Und wie gut funktioniert das? Die letzten Jahre waren ja herausfordernd. 2022 sind Aktien und Renten gefallen. Wie haben Sie das gemeistert?

Kirchhoff: Das war in der Tat herausfordernd. Wir mussten aktiv in die Mandate eingreifen und haben die Risiken über Futures minimiert, aber auch zum Teil langlaufende festverzinsliche Wertpapiere verkauft und gegen Kurzläufer eingetauscht. Auch wurde die Kasse erhöht. Verluste sind dennoch geblieben, wurden aber abgemildert.

2023 und jetzt 2024 lief ja schon alles wieder besser. Es gab laufend neue Rekorde. Soll man jetzt weiterhin offensiv agieren oder besser auf die defensive Seite wechseln?

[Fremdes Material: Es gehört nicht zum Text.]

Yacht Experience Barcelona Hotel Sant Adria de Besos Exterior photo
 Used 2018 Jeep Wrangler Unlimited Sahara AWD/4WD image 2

Kirchhoff: Wir sind gut ins Jahr 2024 gestartet und waren entsprechend auch stark bei Aktien übergewichtet. Aber diese Gewichtung haben wir reduziert. Vor Ostern haben wir unsere Aktienposition leicht untergewichtet, weil wir uns, wenn man sich die verschiedenen Indikatoren angeschaut hat, in einem überkauften Bereich befanden. Außerdem sieht es nach den jüngsten Inflationsdaten in den USA so aus, als wenn die Zinssenkungen noch auf sich warten lassen. Im Moment fühlen wir uns mit der defensiveren Ausrichtung recht wohl.